Gegen die Revisionsachse Berlin-Wien-Budapest dürften sich Prag und Bratislava kaum behaupten können, zumal Warschau sich offenbar nötigen lässt, den deutschen Vorstellungen zu entsprechen. Die vermeintlich polnische Initiative für das Treffen in Warschau gehe, erzählt Siklos, hauptsächlich von Weiss und ihrem Ministerialdirektor Knut Nevermann aus. Auch das Personal sucht sich Berlin offenbar selbst aus. Auf deutschen Wunsch, so Siklos, beteiligte sich der ungarische Historiker Krisztian Ungvary, der sich zuletzt als Kritiker der Wehrmachtsausstellung einen Namen gemacht hat. Koordinator des Netzwerks ist bis auf weiteres Karl Schlögel von der Universität in Frankfurt/Oder.

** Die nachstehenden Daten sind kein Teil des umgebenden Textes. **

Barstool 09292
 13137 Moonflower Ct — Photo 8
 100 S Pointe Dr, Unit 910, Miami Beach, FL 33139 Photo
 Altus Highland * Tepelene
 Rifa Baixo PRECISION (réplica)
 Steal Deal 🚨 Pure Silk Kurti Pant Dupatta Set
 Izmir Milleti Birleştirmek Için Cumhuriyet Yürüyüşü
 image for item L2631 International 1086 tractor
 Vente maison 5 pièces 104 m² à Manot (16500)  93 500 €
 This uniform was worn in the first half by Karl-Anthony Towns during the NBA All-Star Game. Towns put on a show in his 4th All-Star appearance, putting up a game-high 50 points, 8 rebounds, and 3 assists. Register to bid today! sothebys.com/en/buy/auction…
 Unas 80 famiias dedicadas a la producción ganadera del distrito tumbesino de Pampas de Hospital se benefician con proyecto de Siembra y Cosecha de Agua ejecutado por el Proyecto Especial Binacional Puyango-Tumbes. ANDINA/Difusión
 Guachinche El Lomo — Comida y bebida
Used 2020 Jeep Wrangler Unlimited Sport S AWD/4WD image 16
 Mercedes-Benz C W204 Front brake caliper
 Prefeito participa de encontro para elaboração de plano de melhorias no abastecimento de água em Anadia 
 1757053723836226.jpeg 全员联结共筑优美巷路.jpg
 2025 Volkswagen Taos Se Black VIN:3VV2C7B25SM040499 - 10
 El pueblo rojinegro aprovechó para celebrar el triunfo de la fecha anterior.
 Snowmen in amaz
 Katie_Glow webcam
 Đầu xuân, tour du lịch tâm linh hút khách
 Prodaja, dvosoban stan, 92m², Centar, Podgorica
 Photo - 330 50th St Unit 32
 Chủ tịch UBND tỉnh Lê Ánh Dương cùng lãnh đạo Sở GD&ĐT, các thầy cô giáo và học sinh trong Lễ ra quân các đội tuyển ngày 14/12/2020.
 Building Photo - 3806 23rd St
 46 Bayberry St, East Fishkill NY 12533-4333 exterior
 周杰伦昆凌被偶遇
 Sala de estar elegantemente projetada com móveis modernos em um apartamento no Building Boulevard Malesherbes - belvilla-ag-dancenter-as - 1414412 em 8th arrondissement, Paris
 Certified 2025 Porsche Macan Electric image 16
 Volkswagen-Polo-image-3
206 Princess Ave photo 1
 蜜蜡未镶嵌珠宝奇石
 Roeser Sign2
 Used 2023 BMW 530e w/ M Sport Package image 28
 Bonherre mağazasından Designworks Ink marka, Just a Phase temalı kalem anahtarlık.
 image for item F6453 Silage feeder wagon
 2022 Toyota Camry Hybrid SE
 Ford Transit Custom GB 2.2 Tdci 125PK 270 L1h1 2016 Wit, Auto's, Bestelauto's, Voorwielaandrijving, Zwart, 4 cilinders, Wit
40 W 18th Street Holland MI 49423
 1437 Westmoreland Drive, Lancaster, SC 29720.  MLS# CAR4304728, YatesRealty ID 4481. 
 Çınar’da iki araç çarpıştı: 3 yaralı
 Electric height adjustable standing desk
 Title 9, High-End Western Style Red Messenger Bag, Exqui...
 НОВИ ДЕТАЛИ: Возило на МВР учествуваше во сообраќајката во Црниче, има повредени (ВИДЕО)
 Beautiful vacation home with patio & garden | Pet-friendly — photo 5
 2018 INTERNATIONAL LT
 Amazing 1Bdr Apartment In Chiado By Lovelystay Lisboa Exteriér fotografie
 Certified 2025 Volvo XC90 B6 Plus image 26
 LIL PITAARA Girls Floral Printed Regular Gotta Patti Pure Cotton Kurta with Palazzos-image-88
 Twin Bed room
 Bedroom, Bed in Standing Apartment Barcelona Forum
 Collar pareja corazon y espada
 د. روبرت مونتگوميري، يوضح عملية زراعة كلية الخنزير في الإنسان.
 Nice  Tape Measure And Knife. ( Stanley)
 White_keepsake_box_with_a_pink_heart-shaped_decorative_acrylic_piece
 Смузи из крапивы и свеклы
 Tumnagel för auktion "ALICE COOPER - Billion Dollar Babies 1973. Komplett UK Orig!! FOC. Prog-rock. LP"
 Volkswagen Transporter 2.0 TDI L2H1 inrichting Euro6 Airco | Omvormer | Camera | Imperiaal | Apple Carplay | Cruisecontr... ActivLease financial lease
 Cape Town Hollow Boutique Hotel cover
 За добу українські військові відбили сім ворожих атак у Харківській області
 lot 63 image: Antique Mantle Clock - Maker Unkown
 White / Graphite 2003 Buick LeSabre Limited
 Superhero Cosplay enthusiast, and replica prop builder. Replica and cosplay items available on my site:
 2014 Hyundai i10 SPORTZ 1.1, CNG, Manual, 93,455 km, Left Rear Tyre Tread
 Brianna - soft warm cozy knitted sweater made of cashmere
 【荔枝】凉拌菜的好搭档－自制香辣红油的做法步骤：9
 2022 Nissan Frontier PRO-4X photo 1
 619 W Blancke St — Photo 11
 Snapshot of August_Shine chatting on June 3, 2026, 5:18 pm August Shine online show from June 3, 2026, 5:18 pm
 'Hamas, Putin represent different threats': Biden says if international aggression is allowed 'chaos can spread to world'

Mit großer Skepsis betrachtet Sechter das Netzwerk, in dem die Umsiedlung der Deutschen genauso thematisiert werden wird wie die Verfolgung von Serben im Kosovo. Grundverschiedene Ereignisse, wie Sechter ins Gedächtnis ruft: »Das einzige, was sie miteinander zu tun haben, sind die Bilder.« Für fatal hält er eine »Ethnisierung des Zweiten Weltkriegs«. Die Umsiedlung der Deutschen war schließlich, das betont der Botschaftsrat, nicht rassistisch motiviert. Sie war eine notwendige »Reaktion auf den Zivilisationsbruch der Deutschen«.